▶ **DATA SUPPLIED**:

#####

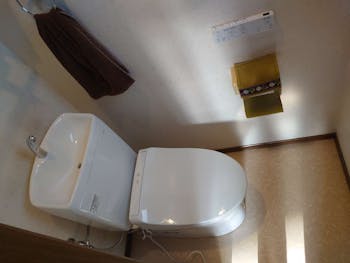 愛知県名古屋市のお客様のトイレ交換工事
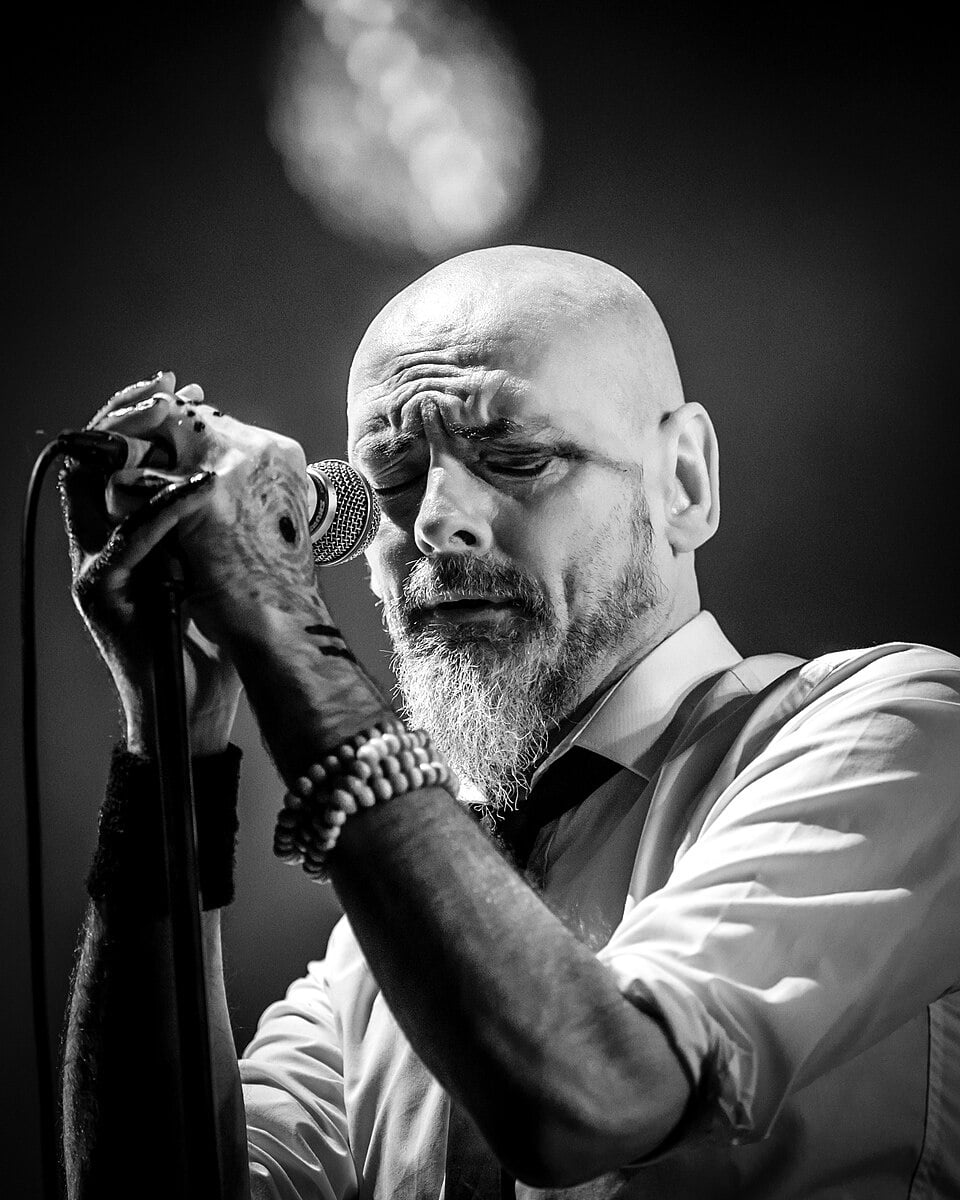 Aaron Stainthorpe_My Dying Bride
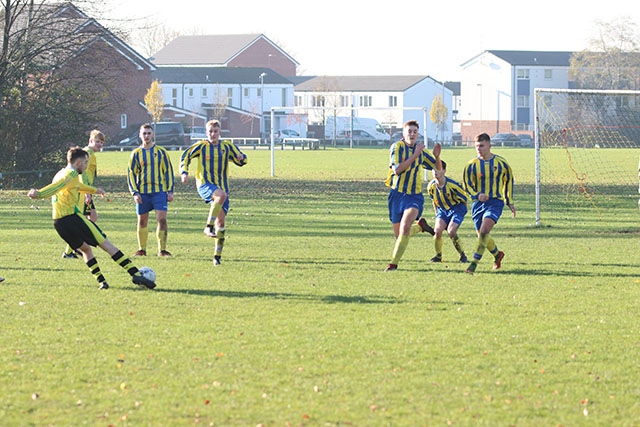 Chadderton Park's teams secured more excellent results over the weekend Chadderton Park's teams secured more excellent results over the weekend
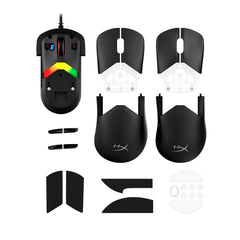 HyperX Pulsefire Saga Gaming Mouse (Black) - 18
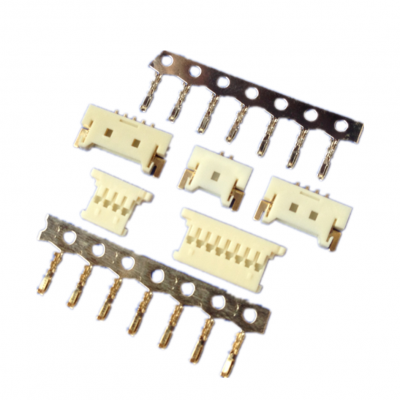 永泰HX12503-(1.25超薄 SMT/51146、53780)- 贴片式连接器(1.25mm)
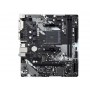 ASRock B450M-HDV R4.0 AMD AM4 Micro-ATX Motherboard
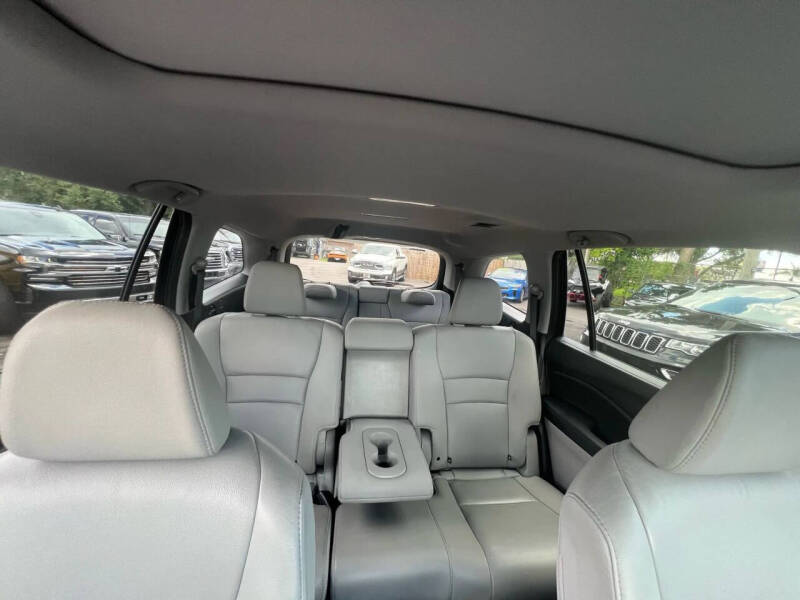 2018 Honda Pilot EX-L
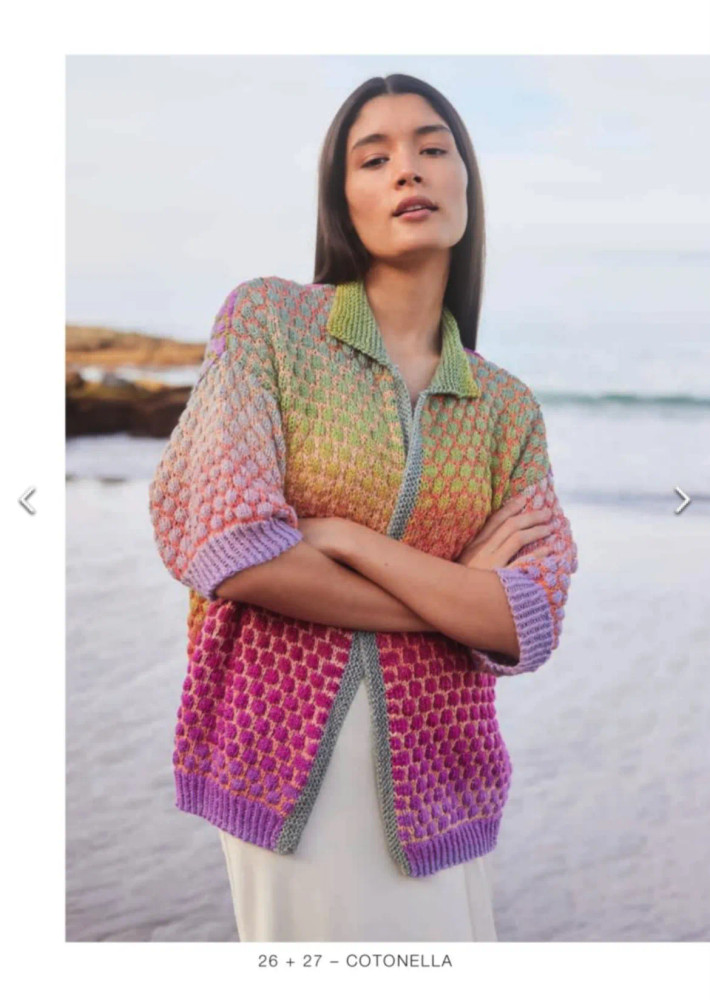 Журнал Gomitolo 13 Lana Grossa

#####

▶ **WHAT TO DO**: Copy out each record word for word and omit any pictures.

▶ **REPLY TO THE EXERCISE**:
 愛知県名古屋市のお客様のトイレ交換工事
 Aaron Stainthorpe_My Dying Bride
 Chadderton Park's teams secured more excellent results over the weekend Chadderton Park's teams secured more excellent results over the weekend
 HyperX Pulsefire Saga Gaming Mouse (Black) - 18
 永泰HX12503-(1.25超薄 SMT/51146、53780)- 贴片式连接器(1.25mm)
 ASRock B450M-HDV R4.0 AMD AM4 Micro-ATX Motherboard
 2018 Honda Pilot EX-L
 Журнал Gomitolo 13 Lana Grossa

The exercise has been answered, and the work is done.